*Work to complete*
None of the pictures should be copied, though every line of the listing must be printed exactly.

*Collected material*
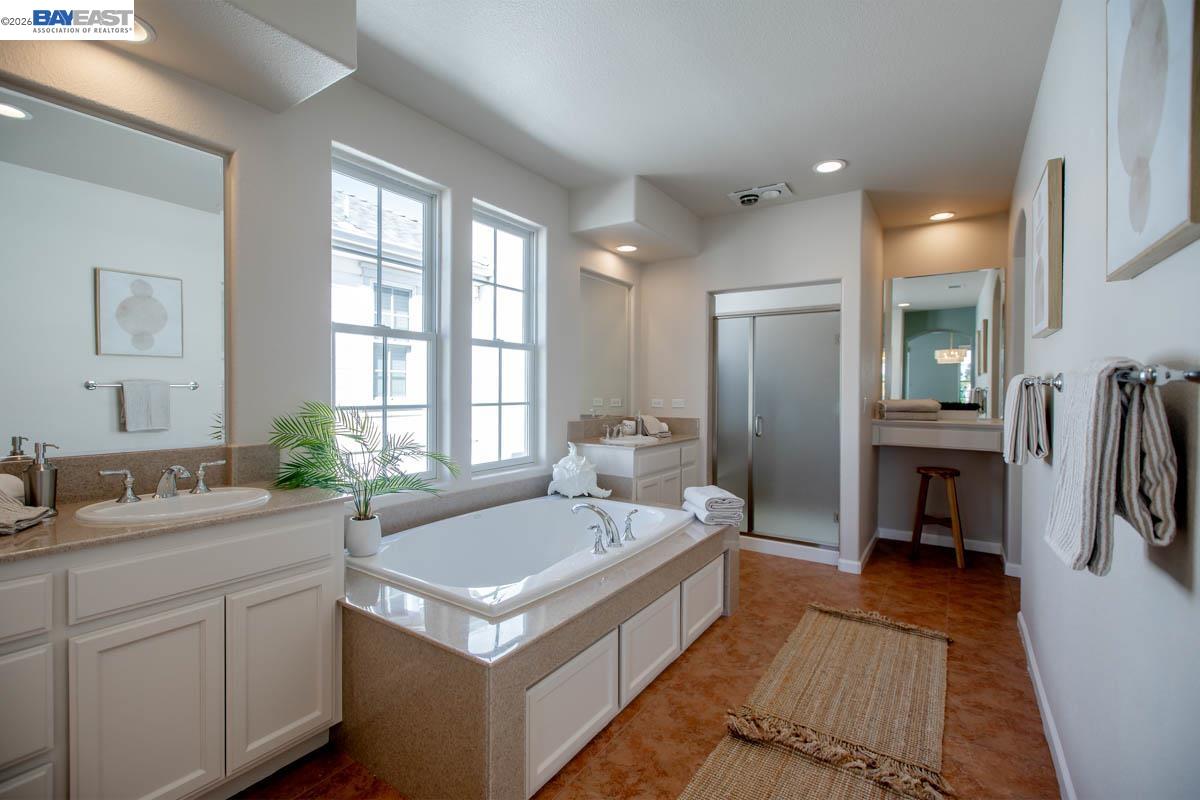 Detail Gallery Image 46 of 60 For 2358 Coral Sea St, Alameda,  CA 94501 - 4 Beds | 2/1 Baths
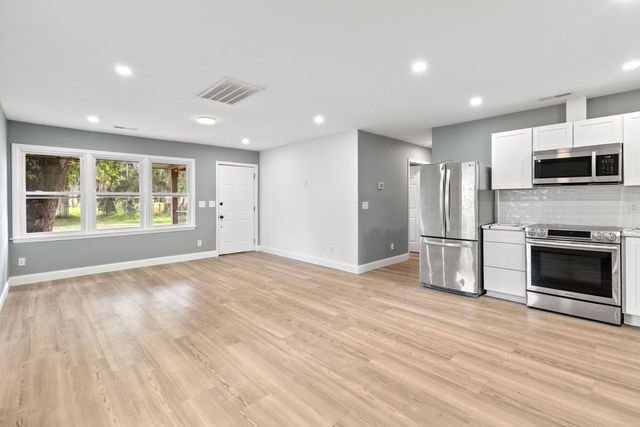 1907 Hazelwood Drive, Charleston, SC 29407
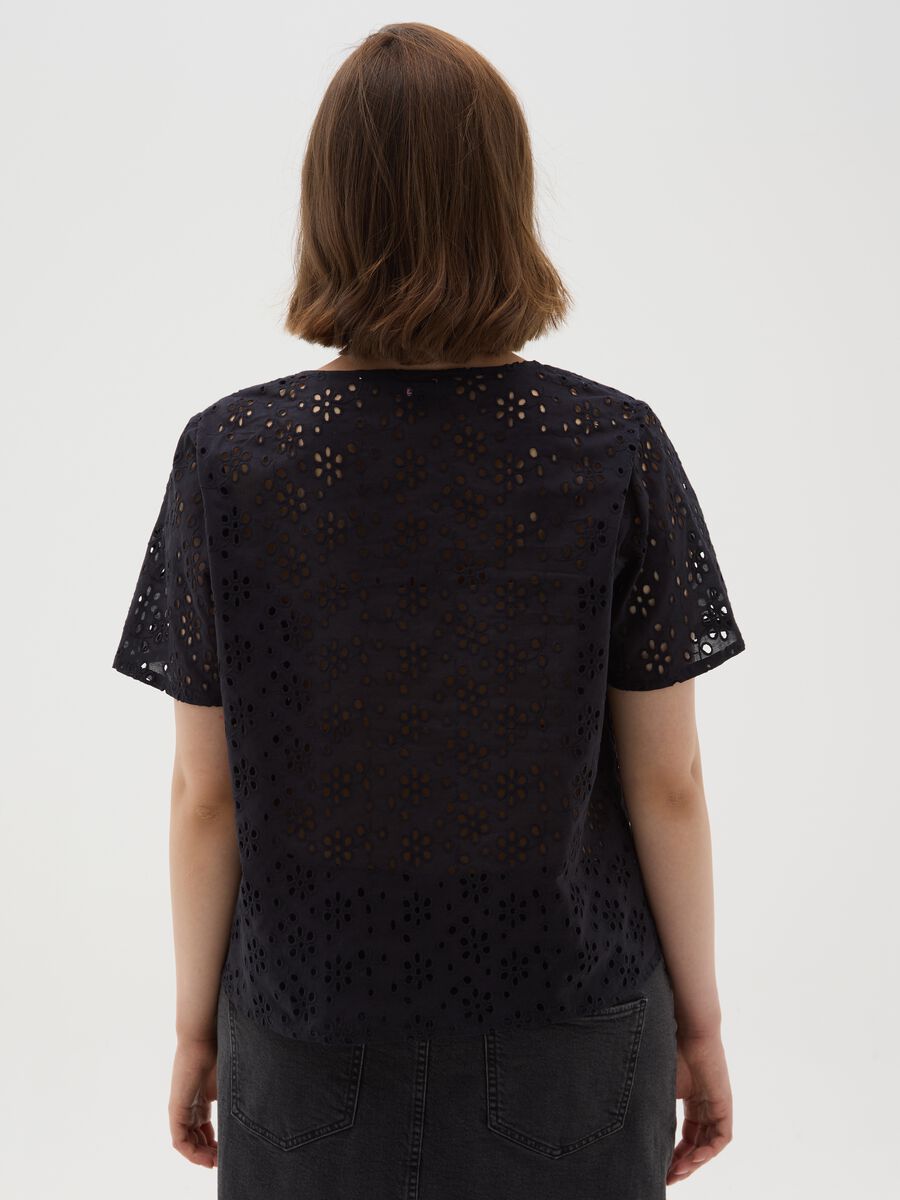 Women's black regular fit pure cotton blouse_3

*Answer section*
 Detail Gallery Image 46 of 60 For 2358 Coral Sea St, Alameda,  CA 94501 - 4 Beds | 2/1 Baths
 1907 Hazelwood Drive, Charleston, SC 29407
 Women's black regular fit pure cotton blouse_3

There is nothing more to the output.